Gatekeeping on Twitter networks
Twitter is a free microblogging service that allows users to publish short messages, known as tweets, in a variety of ways. Users can post their tweets on the Twitter website or send SMS text-messages directly from their cell phones. Because Twitter enables real-time propagation of information to any number of users, the platform is an ideal environment for the dissemination of breaking news directly from the news source and/or from the geographical point of interest. Twitter network structure is reasonably simple. User A can follow B or any other user on the system, thus creating a social network in which user A receives the messages from the users he or she follows. Twitter being a large network of users, it is the network of followers and followees that structures the channel through which messages are passed on to users. Twitter users with a large number of followers are identified as network hubs, which should account for the spreading of a message due to their specific connectivity in the network. However, as we discuss further below, Twitter network connectivity is not correlated with the diffusion of messages. Gatekeeping might actually emerge as a function of the message frequency instead of the network structure, thus contradicting the description of gatekeepers as a bottleneck of interconnections that determines information flow.
We have investigated the connection between Twitter network connectivity and message diffusion. In order to address that, we analyzed the relationship between retweet network (RT), mention network (AT) and the followers’ and followees’ networks (FF).

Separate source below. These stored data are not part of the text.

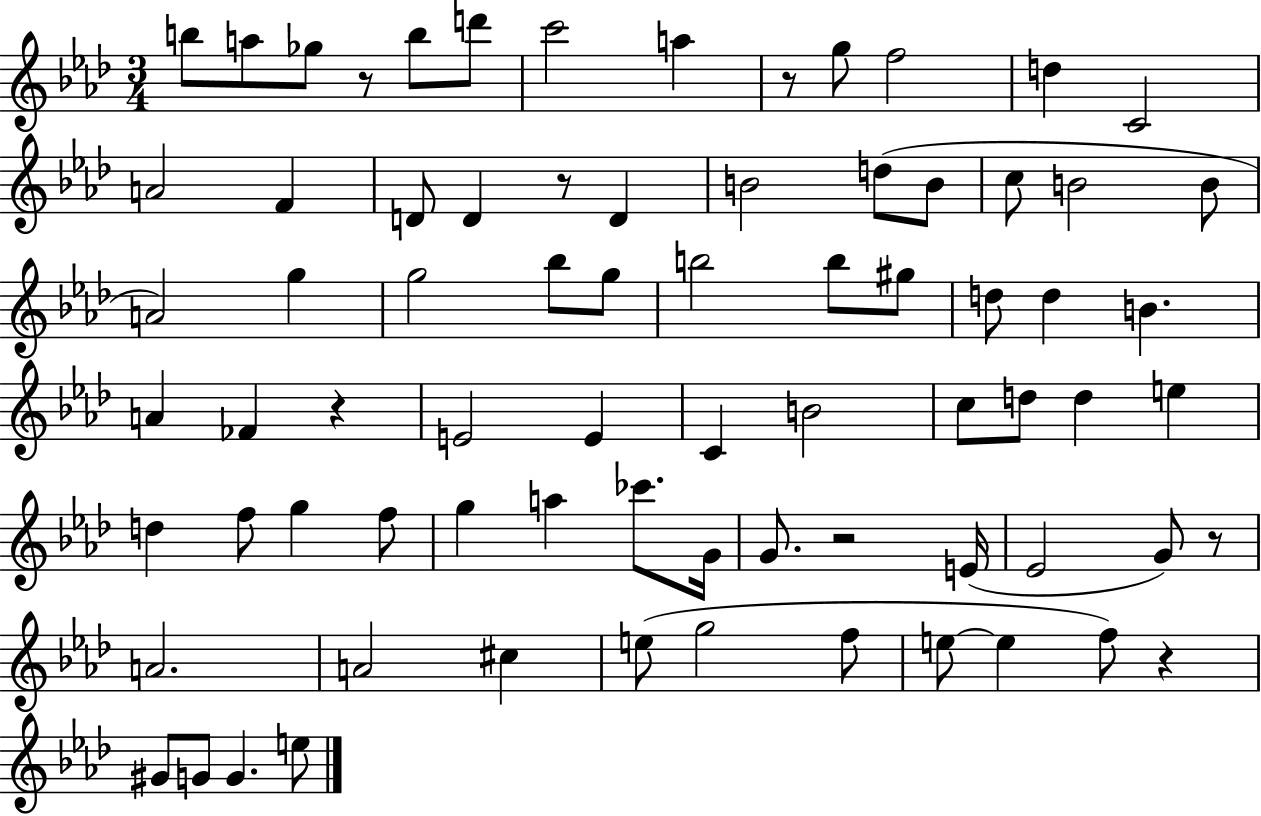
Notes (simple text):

B5/e A5/e Gb5/e R/e B5/e D6/e C6/h A5/q R/e G5/e F5/h D5/q C4/h A4/h F4/q D4/e D4/q R/e D4/q B4/h D5/e B4/e C5/e B4/h B4/e A4/h G5/q G5/h Bb5/e G5/e B5/h B5/e G#5/e D5/e D5/q B4/q. A4/q FES4/q R/q E4/h E4/q C4/q B4/h C5/e D5/e D5/q E5/q D5/q F5/e G5/q F5/e G5/q A5/q CES6/e. G4/s G4/e. R/h E4/s Eb4/h G4/e R/e A4/h. A4/h C#5/q E5/e G5/h F5/e E5/e E5/q F5/e R/q G#4/e G4/e G4/q. E5/e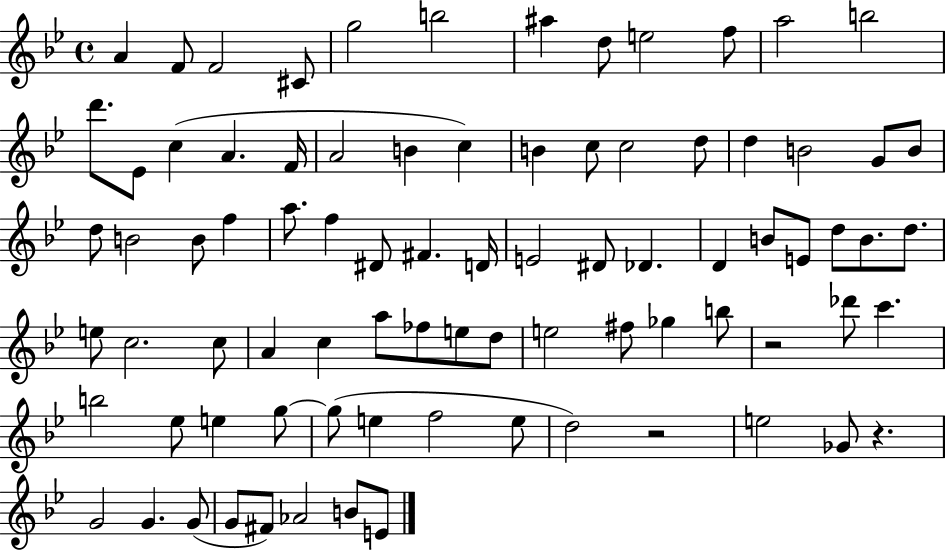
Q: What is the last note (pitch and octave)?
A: E4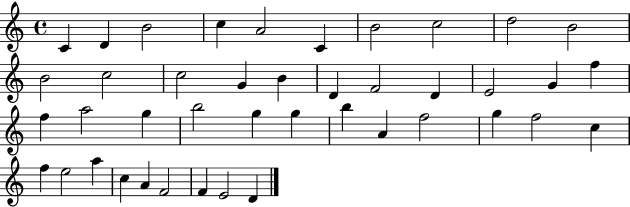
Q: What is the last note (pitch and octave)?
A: D4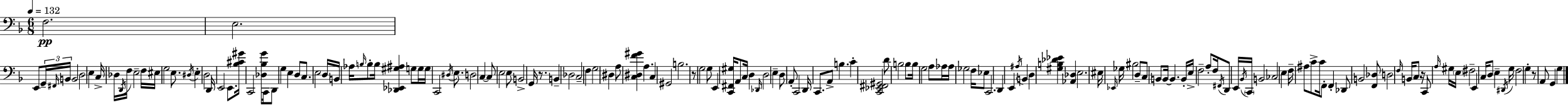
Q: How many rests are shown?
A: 4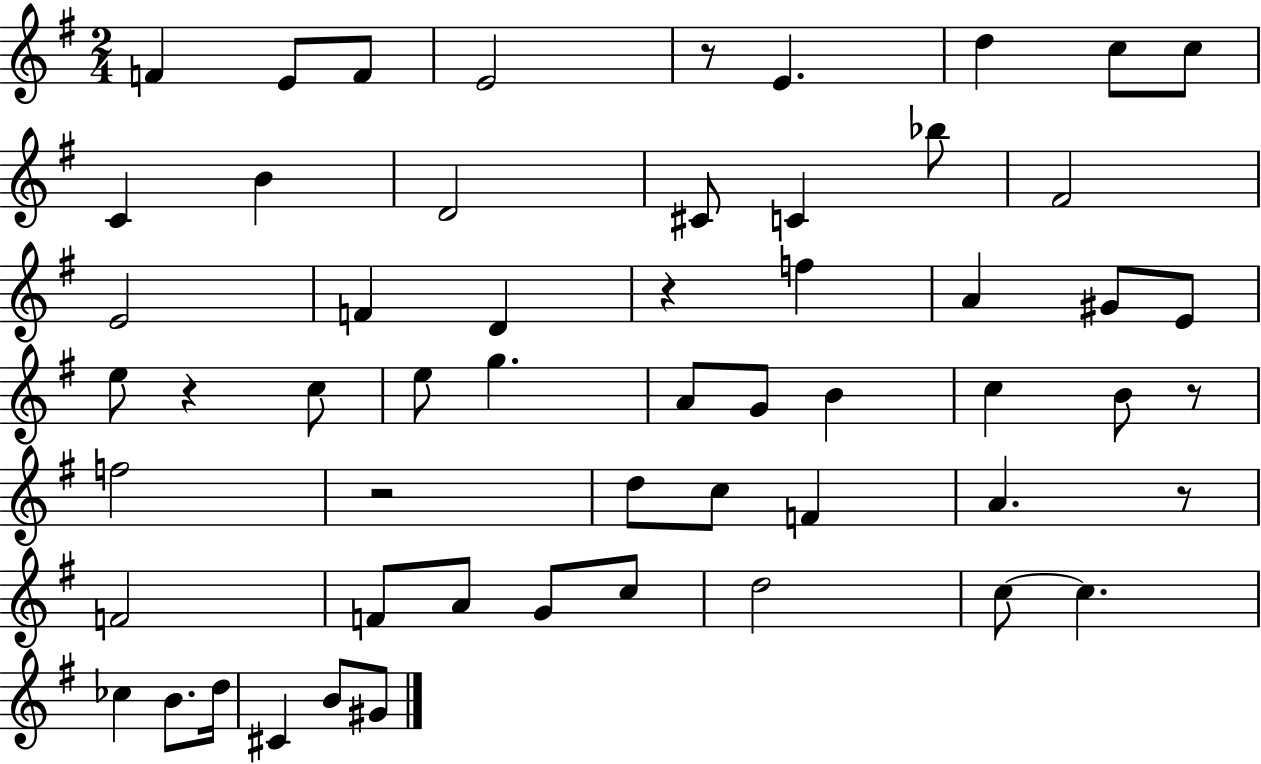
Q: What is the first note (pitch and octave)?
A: F4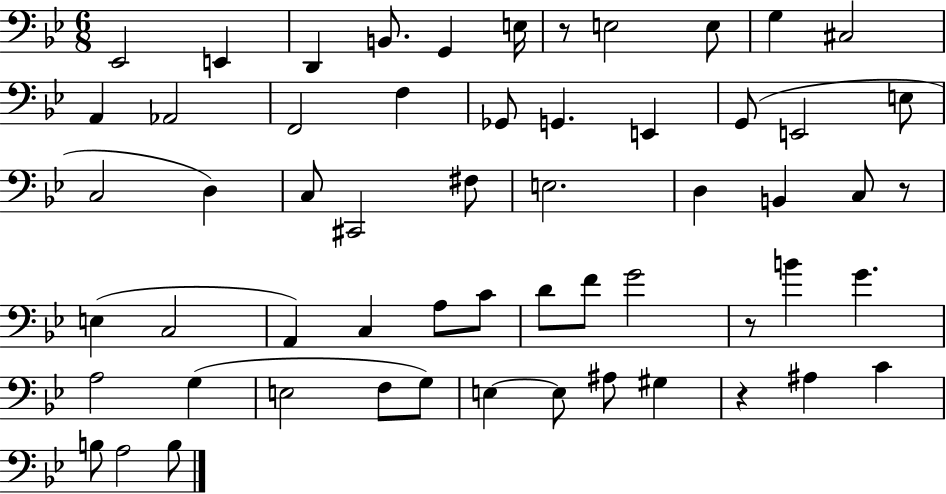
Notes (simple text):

Eb2/h E2/q D2/q B2/e. G2/q E3/s R/e E3/h E3/e G3/q C#3/h A2/q Ab2/h F2/h F3/q Gb2/e G2/q. E2/q G2/e E2/h E3/e C3/h D3/q C3/e C#2/h F#3/e E3/h. D3/q B2/q C3/e R/e E3/q C3/h A2/q C3/q A3/e C4/e D4/e F4/e G4/h R/e B4/q G4/q. A3/h G3/q E3/h F3/e G3/e E3/q E3/e A#3/e G#3/q R/q A#3/q C4/q B3/e A3/h B3/e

Retweets are posts that Twitter readers forward with full attribution to those who follow them, while the user’s followers-and-followees network comprises a list of users who subscribe to one another’s activity streams. Mentions are messages in which a specific Twitter user is mentioned using the at-sign (@), and even though these messages address specific receivers, they are also posted on the recipient’s public page. Message diffusion within Twitter is heavily dependent on retweets, and because most retweets posted by a user are of tweets originally posted by someone the user follows (which can themselves be retweets), retweet activity reflects how the social network furthers the propagation of information. According to Suh et al. (2010), there is a very strong linear relationship between the number of followers and retweet rate. In other words, the larger the user’s audience, the more likely that the tweet will be retweeted.
This is again the concept of gatekeeping based upon the principle that network topology determines message diffusion. Again, according to Suh et al. (2010), there is a close correlation between the tweet author’s number of followers and the retweet rate. The more followers a Twitter user has, the more likely it is that their tweets will be retweeted. We tested this hypothesis with a dataset of Twitter political hashtags, which tend to be more persistent than other topics, thus assuring that once the message goes through the gate (once it goes viral), it remains in time and space. According to Romero et al. (2011), political hashtags are particularly persistent, with repeated exposures continuing to have large relative effects on adoption. The persistence has a significantly larger value than the average – in other words, successive exposures to a political hashtag have an unusually large effect relative to the peak. Once political hashtags become Trending Topics they tend to spread through the network in a way that corresponds with the complex contagion principle, which maintains that repeated exposures to an idea are of vital importance when the idea is controversial or contentious.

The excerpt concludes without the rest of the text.